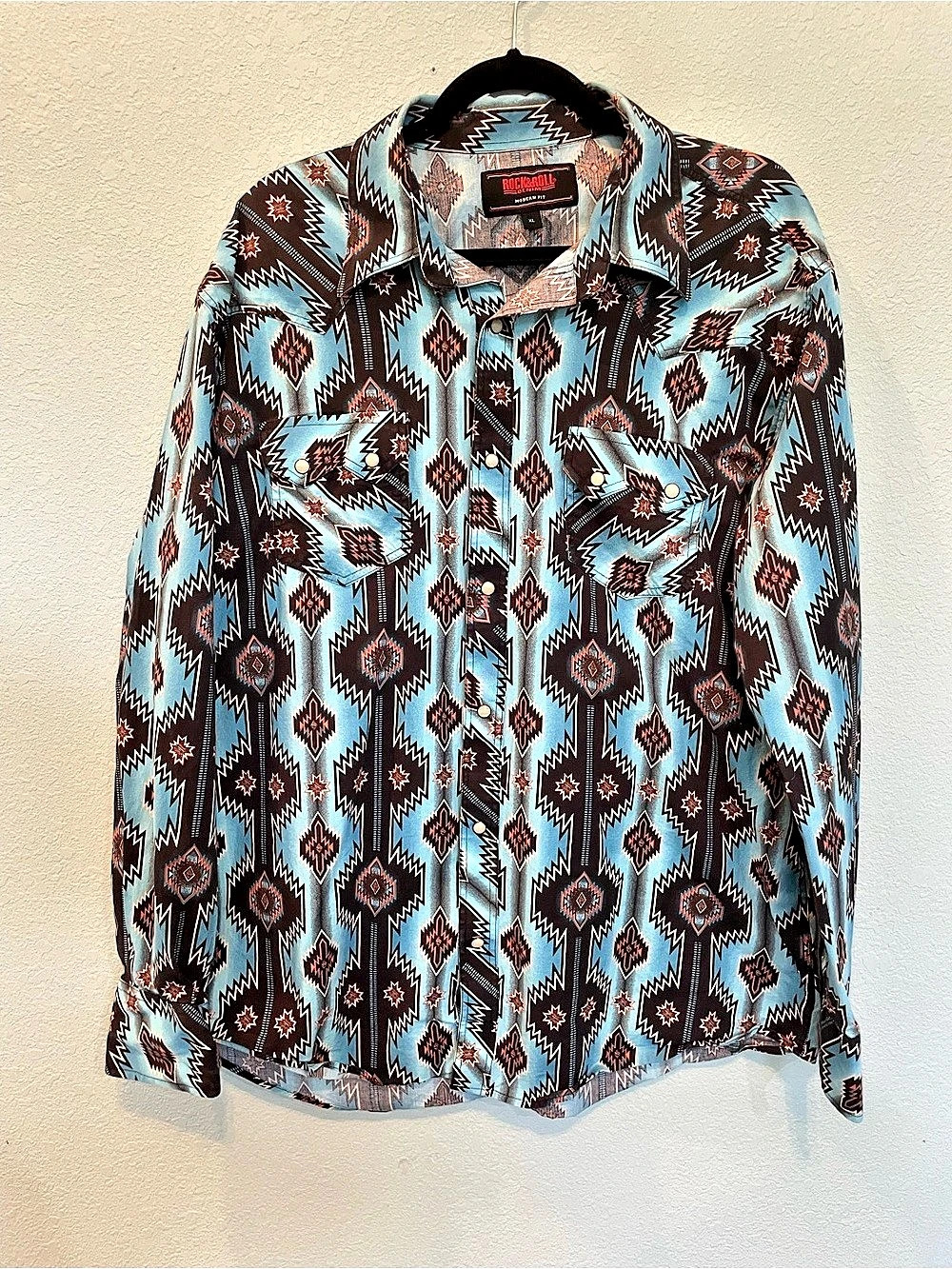 Rock & Roll Denim Men's Aztec Print Western Pearl Snap Shirt Blue & Black XL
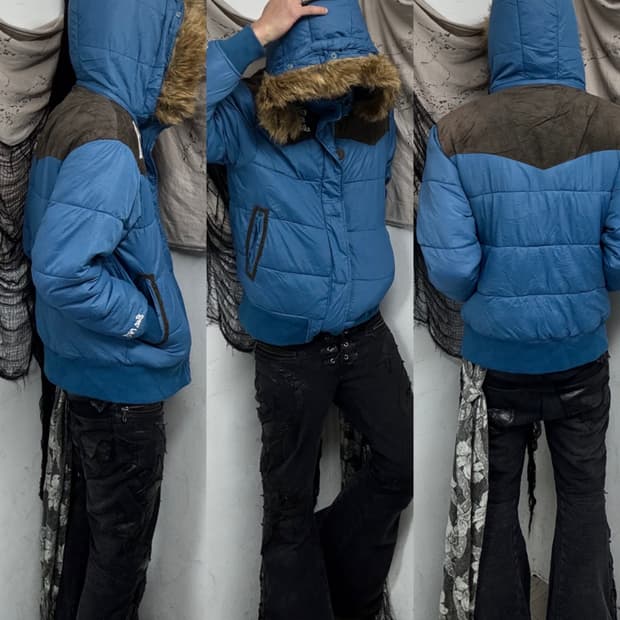 [TC SURF] Y2k Mood Blue Fur Padding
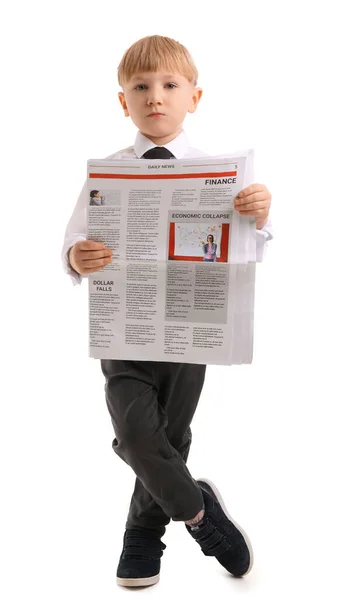 Funny Little Businessman Reading Newspaper White Background — Stock Photo, Image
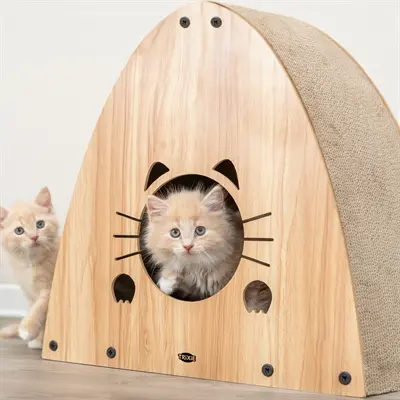 Trixie krabhuis MDF lichtbruin 48 x 28 x 48 cm – met catnip - Afbeelding 8
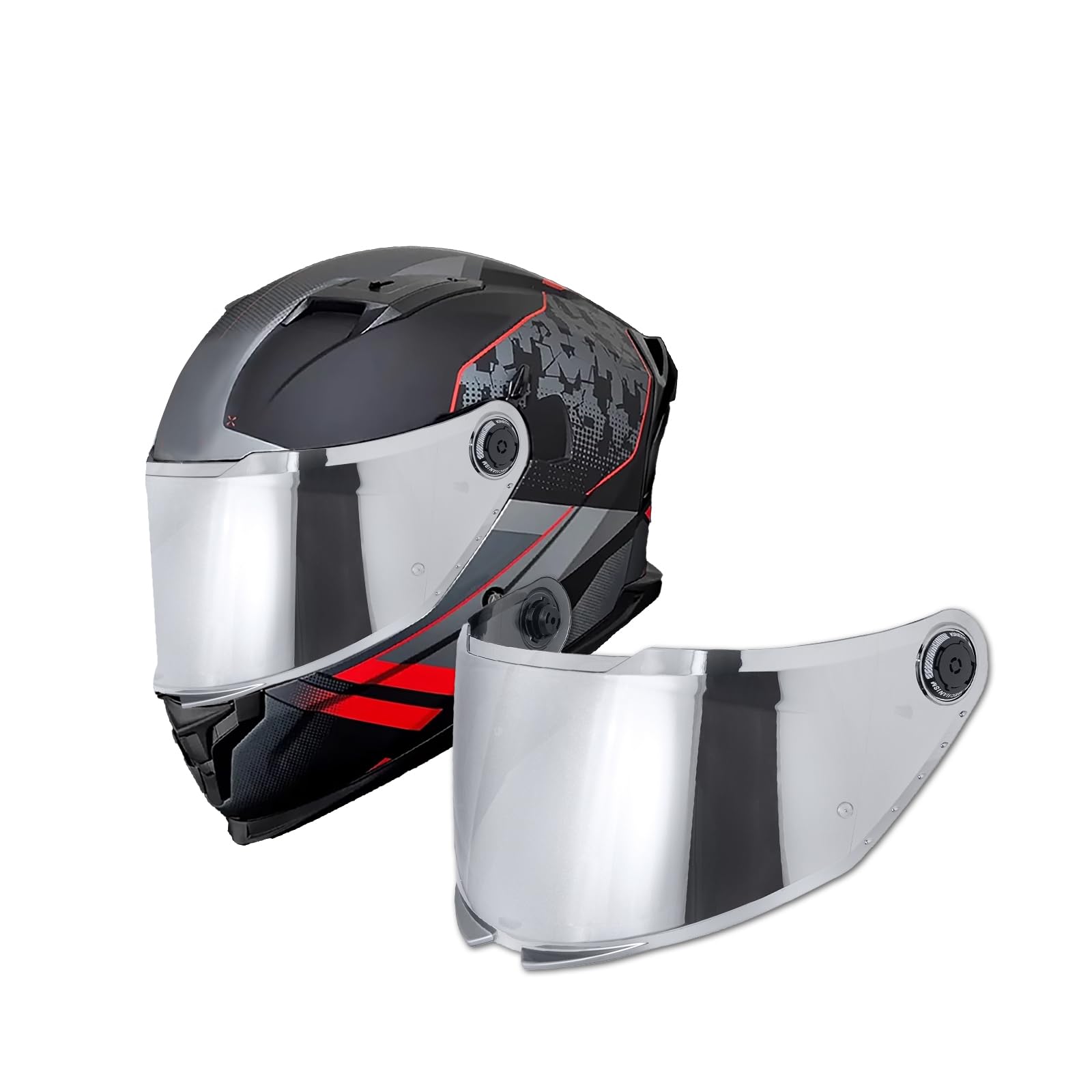 Visiera Casco,Protezione per Il Vento del Motociclo,Casco Parabrezza Moto Visiera a Lente Integrale per per MT-V-28B Thunder 4 SV,Accessori per Caschi da Moto (Cromo Argento)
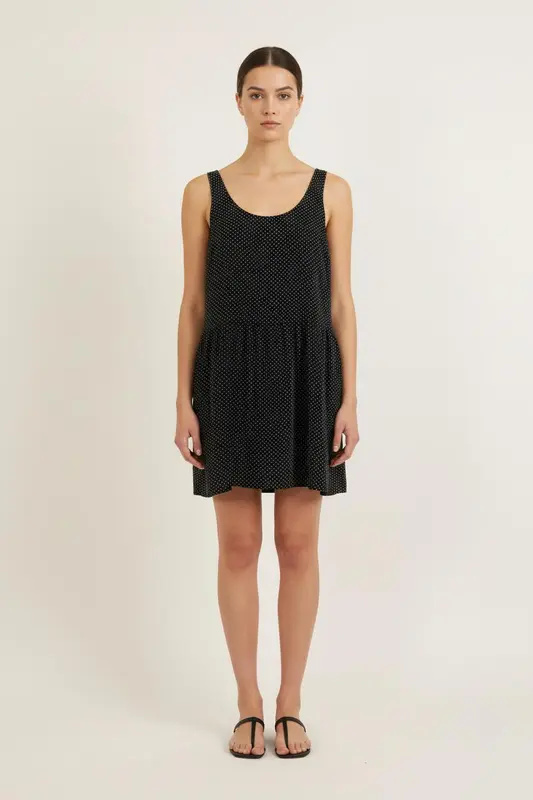 Robe Courte Noire à Pois Blancs - Taille M/38
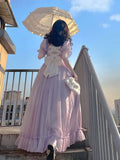 KYLETHOMASW  -  French Vintage Purple Dress Summer Puff Sleeve Backless Bow A-Line Midi Dress Fashion Party Evening Palace Princess Dress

-----

● Exercise objective
When you retype the records, keep every word exactly as written and exclude the pictures.

● Finished task
 Rock & Roll Denim Men's Aztec Print Western Pearl Snap Shirt Blue & Black XL
 [TC SURF] Y2k Mood Blue Fur Padding
 Funny Little Businessman Reading Newspaper White Background — Stock Photo, Image
 Trixie krabhuis MDF lichtbruin 48 x 28 x 48 cm – met catnip - Afbeelding 8
 Visiera Casco,Protezione per Il Vento del Motociclo,Casco Parabrezza Moto Visiera a Lente Integrale per per MT-V-28B Thunder 4 SV,Accessori per Caschi da Moto (Cromo Argento)
 Robe Courte Noire à Pois Blancs - Taille M/38
 KYLETHOMASW  -  French Vintage Purple Dress Summer Puff Sleeve Backless Bow A-Line Midi Dress Fashion Party Evening Palace Princess Dress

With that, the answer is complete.